Barış iradesi ve sessizlik
1 Ekim’de MHP Genel Başkanı Devlet Bahçeli’nin “Öcalan Meclis’te konuşsun” çıkışının ardından İmralı’dan gelen barış çağrısı, PKK’nin gerçekleştirdiği kongrede kendini feshetmesi ve önümüzdeki günlerde bu stratejik sürecin bir dönemeci olarak Silêmanî’de bir grup gerillanın silah bırakacak olması, PKK’nin çözüm iradesinin devam ettiğini gösteriyor. Ancak devletin süreci yine “silah bırakın” söylemi üzerinden okumaya devam etmesi ve demokratik reformlardan kaçınması, çözüm sürecinin asimetrik ve sürdürülemez kalmasına neden oluyor. KCK Yürütme Konseyi Üyesi Mustafa Karasu’nun, devlet içindeki bir kesimin süreci sabote ettiğine dair yaptığı açıklamalar, sürecin kırılganlığına ve güvenlikçi odaklı kliklerin süreci baltalama ihtimaline işaret ediyor. Mustafa Karasu’nun “Herhangi bir eylem yokken saldırılar yapılıyor” vurgusu ise devletin çözüm sürecini sahici bir güven ortamına dönüştürmesi gereğini bir kez daha ortaya koyuyor.

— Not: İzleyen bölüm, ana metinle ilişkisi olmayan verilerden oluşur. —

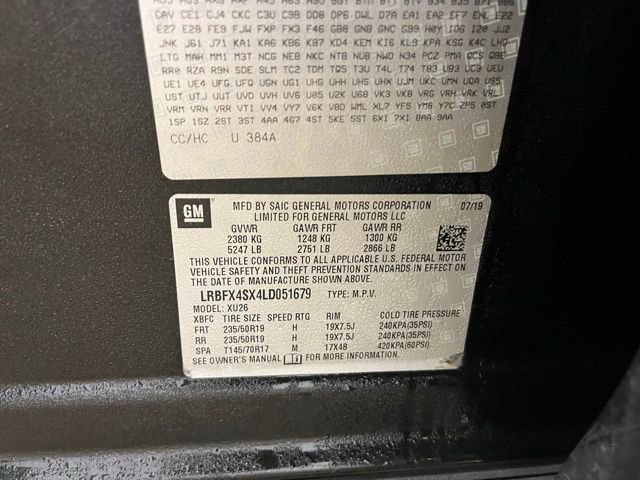 Used 2020 Buick Envision Premium w/ Driver Confidence Package image 28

İktidar ‘silah bırakma’ beklentisinden çıkmalı
Türkiye’de Kürt meselesinin çözümü, devletin “tek taraflı silah bırakma” beklentisinden çıkması ve demokratik reformlar ile anayasal güvenceyi içeren bir çözüm vizyonunu benimsemesiyle mümkün olabilir. PKK’nin 1999’dan bu yana attığı her barış adımının devlet tarafından “teslimiyet emaresi” olarak okunması, çözüm umudunu her defasında tüketti. Siyasi cesaret gösterilmeden, demokratik alan genişletilmeden ve Kürt toplumunun talepleri muhatap alınmadan barış adımlarının kalıcı bir çözüm yaratması mümkün değildir.
Önümüzdeki dönemde barışın gerçek zemini ancak şu adımların atılmasıyla inşa edilebilir:
*Abdullah Öcalan üzerindeki fiziki tecridin sona erdirilerek, pratik önderlik yapmasının önündeki engellerin kaldırılması,
*Dil, kültür ve demokratik siyasal temsil haklarının anayasal güvenceye alınması,
*Toplumsal güvenin yeniden inşası için demokratik reform paketlerinin hayata geçirilmesi.
Aksi takdirde her barış çağrısı, tek taraflı ve karşılıksız kalmaya, çözüm süreci ise yeniden çatışmanın zeminini hazırlayan bir kırılma döngüsüne dönüşmeye devam edecektir.